If asked about their job by neighbors or friends, SR personnel would repeat a carefully rehearsed cover story of working for one or another government department, but never the CIA. It was not unusual for DDP operations officers to remain undercover even after retirement, and maintain their cover stories until their deaths. Even the top-secret clearance, required for employment at the Agency, did not authorize someone to know rudimentary details regarding SR or its personnel. If an Agency colleague asked about an SR staffer’s job, they would receive only generalized replies and most knew better than to probe for details. Secrecy within the Agency was both enforced by official policy and expected as part of professional etiquette.
Virtually no one, with the exception of SR personnel, was allowed into SR spaces. A no-nonsense secretary immediately confronted any visitor who opened the unmarked, always closed, hallway doors that led into the division’s suite and friends of SR officers from other parts of the agency did not drop in to plan weekend activities or for office gossip. When SR officers left the area, even for a short time, security procedures mandated that desks be cleared and all work secured in one of the division’s high-security 500-pound black steel safes.

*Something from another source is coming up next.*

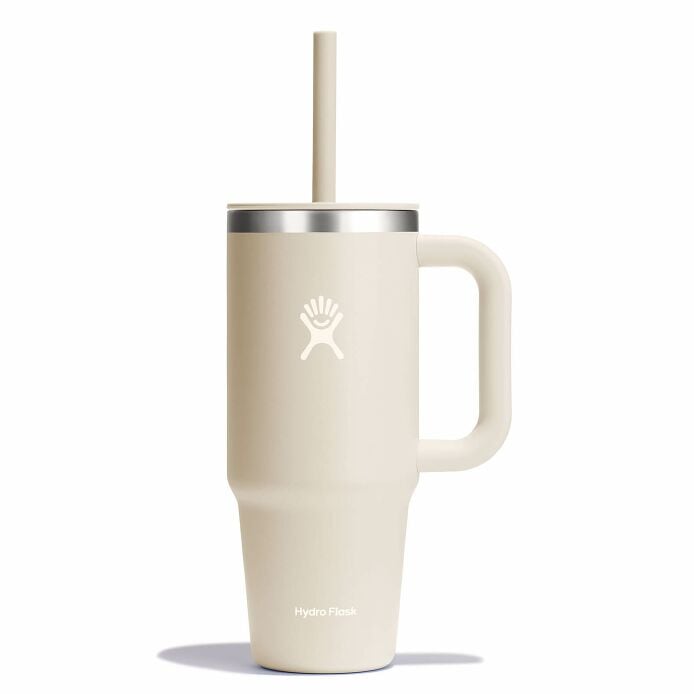 24 oz Travel Tumbler Oat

SR Division applied strict need-to-know compartmentation through BIGOT lists that restricted access to what many would consider routine information coming out of the Soviet Union. Within the division information was distributed like pieces of a jigsaw puzzle. Only a very few ever saw an entire operational picture. Those outside of SR could only assume that a puzzle existed. Within CIA’s instinctively tight-lipped security environment, SR’s added multilayered security cloak created a mystique that some viewed as arrogant and unnecessarily obsessive.
The term “BIGOT list” existed—and still exists—as a holdover from World War II when the most prized stamp on the orders of personnel traveling from England to Africa was “TOGIB,” meaning “to Gibraltar.” To reach Africa, the majority of personnel made the dangerous journey by ship through seas controlled by German U-boats. However, for a select few, there were the highly prized seats on a flight to Gibraltar. For these lucky individuals, the stamp on their orders was reversed to read BIGOT and the term thus acquired its special meaning in intelligence circles, carrying with it the inference of not only rarity, but also safe passage and a valued mission.

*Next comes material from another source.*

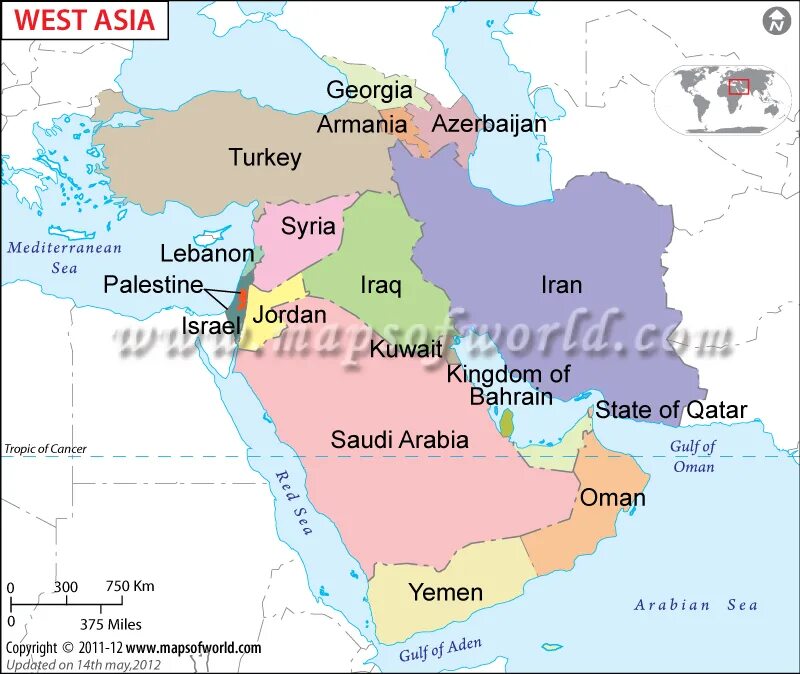 West asia. Карта передней азии современная. Карта юго западной азии и северной африки. W asia. W asia.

There were other levels of compartmentation as well. A top-secret clearance did not provide automatic access to specific operations or programs. TS, a security clearance level required for all CIA staff employees, only made one eligible for potential access to a compartmented program. The BIGOT access was granted based on responsibilities and an individual’s demonstrated need to know about the operation.
SR’s security policies extended to written communications within Headquarters.